In qualità di moderatore ho cancellato gli ultimi tre interventi per  gli insulti e le degenerazioni ad personam. Invito formalmente gli autori e in particolar modo verdeidea a moderarsi nelle espressioni.

verdeidea

#43
No, scusate, i pregiudizi o i giudizi affrettati mi hanno sempre fatto girare le balle e non riesco a non parlare schiettamente.
Santo cielo, donquiqote, l'altra volta, in un altro filone, educatamente e senza replicare sul post all'insulto, vi ho segnalato più volte la cosa in privato a te e ad altri moderatori ma nessuno si è degnato neppure di una risposta, mi sono rivolta allora all'Amministratore che, ritenendo in effetti che fosse una grave offesa ciò che era scritto l'ha cancellato subito.
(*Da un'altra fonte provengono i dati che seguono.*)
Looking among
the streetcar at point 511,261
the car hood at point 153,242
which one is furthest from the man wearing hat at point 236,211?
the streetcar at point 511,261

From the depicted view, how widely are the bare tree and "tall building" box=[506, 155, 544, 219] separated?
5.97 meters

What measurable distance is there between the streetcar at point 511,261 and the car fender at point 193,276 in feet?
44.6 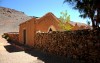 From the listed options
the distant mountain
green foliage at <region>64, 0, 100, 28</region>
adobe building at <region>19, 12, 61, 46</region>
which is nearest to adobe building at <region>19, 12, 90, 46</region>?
adobe building at <region>19, 12, 61, 46</region>

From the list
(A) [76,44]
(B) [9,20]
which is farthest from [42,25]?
(B) [9,20]

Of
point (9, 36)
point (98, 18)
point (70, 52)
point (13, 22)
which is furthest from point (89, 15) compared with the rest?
point (13, 22)

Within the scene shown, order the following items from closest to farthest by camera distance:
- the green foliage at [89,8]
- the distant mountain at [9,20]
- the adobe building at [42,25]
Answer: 1. the green foliage at [89,8]
2. the adobe building at [42,25]
3. the distant mountain at [9,20]

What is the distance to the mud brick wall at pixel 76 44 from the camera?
10.9 meters

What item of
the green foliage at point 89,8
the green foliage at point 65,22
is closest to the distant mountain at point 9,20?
the green foliage at point 65,22

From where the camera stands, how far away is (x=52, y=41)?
16750mm

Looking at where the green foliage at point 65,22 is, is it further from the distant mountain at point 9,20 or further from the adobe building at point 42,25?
the distant mountain at point 9,20

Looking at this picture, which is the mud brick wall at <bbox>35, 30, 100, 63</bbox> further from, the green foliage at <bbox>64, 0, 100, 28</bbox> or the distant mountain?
the distant mountain

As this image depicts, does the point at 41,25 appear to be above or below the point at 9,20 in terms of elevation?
below

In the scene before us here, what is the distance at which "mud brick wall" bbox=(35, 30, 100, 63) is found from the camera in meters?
10.9

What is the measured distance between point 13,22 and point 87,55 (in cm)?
5791

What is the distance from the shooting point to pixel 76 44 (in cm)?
1280

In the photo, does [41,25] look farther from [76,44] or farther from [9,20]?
[9,20]

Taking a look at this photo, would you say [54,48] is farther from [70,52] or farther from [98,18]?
[98,18] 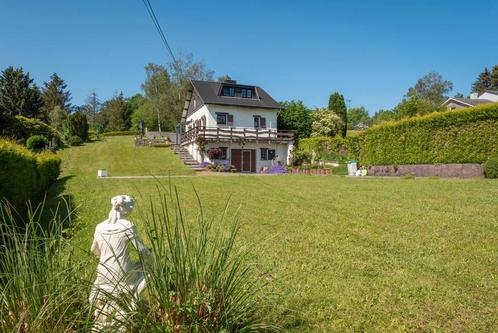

All'insulto di Gibran, visto che nessun moderatore si era premurato di far cancellare l'ultima frase, gli ho risposto per le rime, ma qualcuno di voi ha ritenuto di dover cancella soltanto l'intero mio post. Mi rendo conto di quanto possa essere difficile moderare un forum, però non capire o far finta di non capire le offese è grave. Le mie espressioni possono essere colorite Maral, ma non vado mai sul personale come fanno altri. Hai giusto cancellato la risposta all'insulto di Gibran ma non hai fatto cancellare la frase offensiva rivolta a me da Gibran? Comunque mi sono rivolta nuovamente all'amministratore, attendo una sua risposta in merito e gli ho chiesto di cancellare la frase offensiva di Gibran perché è rivolta a me, Maral, vorrei veder se fosse stata rivolta a tua madre.
Detto ciò se alla moderazione sono antipatica, se non sono gradita, ditelo prima e me ne vado, mi cancello subito. Però chiedo all'Amministratore di cancellare quella frase ingiuriosa.
Grazie

verdeidea

#44
Vergognatevi.
Si parla tanto di pregiudizi discriminatori verso le donne ed i primi ad essere misogini e discriminatori siete voi. Ci sarà un motivo se non interviene quasi mai una donna in questo forum.
Io, unica donna del forum che partecipa attivamente, sono discriminata in maniera rivoltante. Un moderatore in privato mi ha invitato a cancellare la parte dove rispondo a dovere a Gibran invece di riprendere innanzitutto lui e cancellare prima l'espressione poco civile di questi nei miei confronti! Da questo si evince come siamo tutto intellettualismo e scarsa morale. E questa è la seconda volta che ricevo discriminazioni da parte della moderazione. Donquixote, secondo te la battuta sulla signora Longari di Gibran va bene? Non pensi che sia stato quantomeno maleducato? Inoltre è a lui che devi dire che certe cose si chiariscono in privato, non alla persona offesa. E prima proponi a lui di cancellare l'ultima frase nel suo post e poi lo dici am e. Roba da matti!